Abstract Background Acute kidney injury (AKI) is a critical morbidity after cytoreduction and hyperthermic intraperitoneal chemotherapy (CRS/HIPEC). Objective This study was conducted to investigate the use of kidney-specific biomarkers to evaluate the diagnostic accuracy of post-HIPEC AKI. Methods Patients who received CRS/HIPEC were prospectively enrolled in this study. We serially sampled urine neutrophil gelatinase-associated lipocalin (NGAL), serum cystatin C (sCyC), and β2 microglobulin (sβ2-MG) on the day before CRS/HIPEC and then 2 h, 1 d, 2 d, 3 d, and 7 d after CRS/HIPEC. The primary outcome was the occurrence of AKI during the first 7 d. The areas under the receiver operating characteristic curve (AUCs) were calculated to evaluate the detection performance.

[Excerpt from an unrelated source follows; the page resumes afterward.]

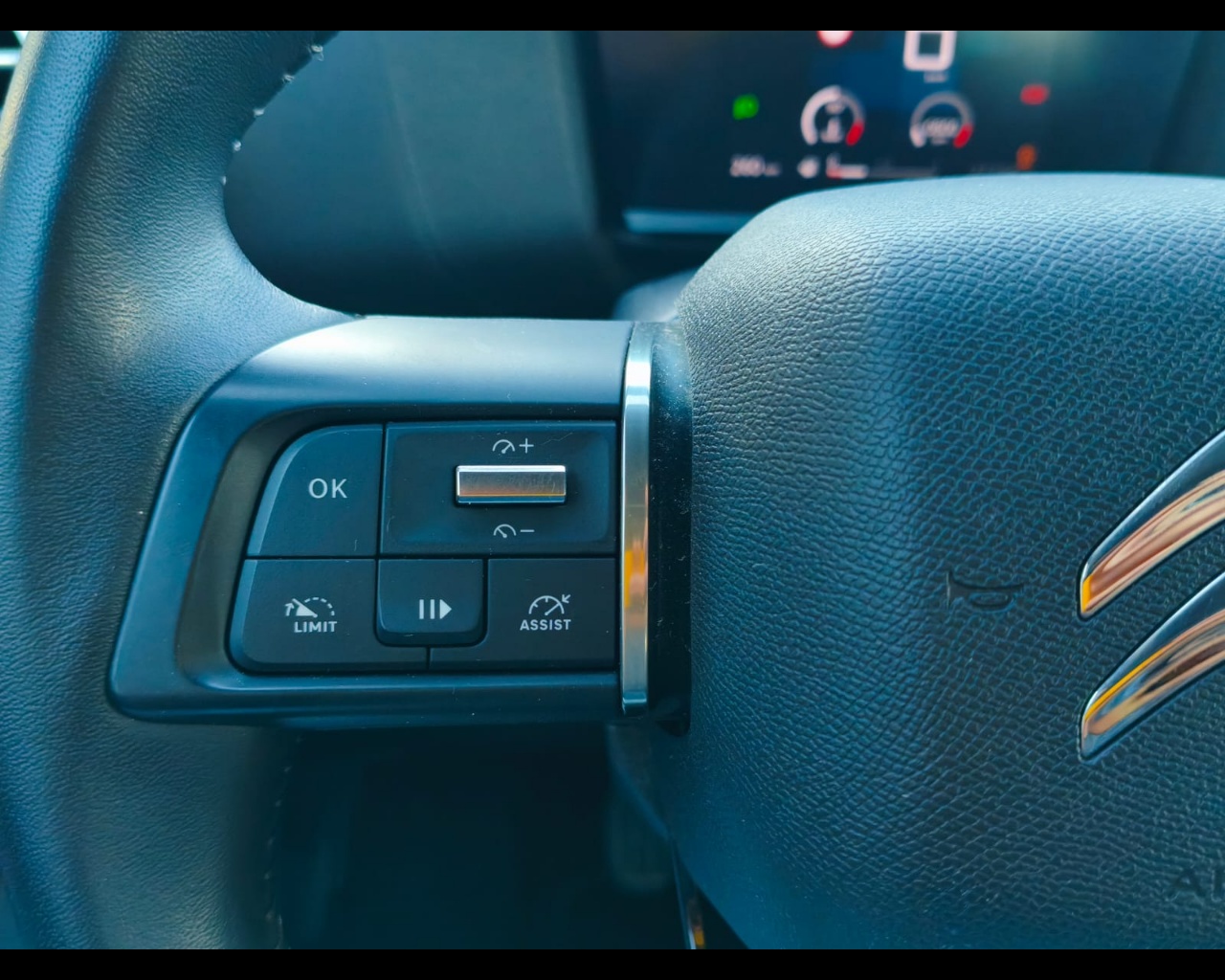 Foto CITROEN C4 1.2 puretech Plus s&s 130cv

Results A total of 75 patients were eligible, of whom 5 (6.7%) fulfilled the criteria of AKI during the study period (AKI group) and 70 did not (non-AKI group). No significant differences were observed in these biomarkers between the two groups, except for sβ2-MG on day 3 (P = 0.025). Regarding changes in biomarker concentrations, the AKI group had a significantly higher concentration range of sCyC on day 3 (P = 0.009) and sβ2-MG on day 1 and day 3 (P = 0.013 and 0.019). Conclusions This is the first prospective study to evaluate the value of kidney-specific biomarkers in patients after CRS/HIPEC. We found that AKI cannot be predicted by simply using the absolute measurements of these biomarkers because of the heterogeneous characteristics of the patients.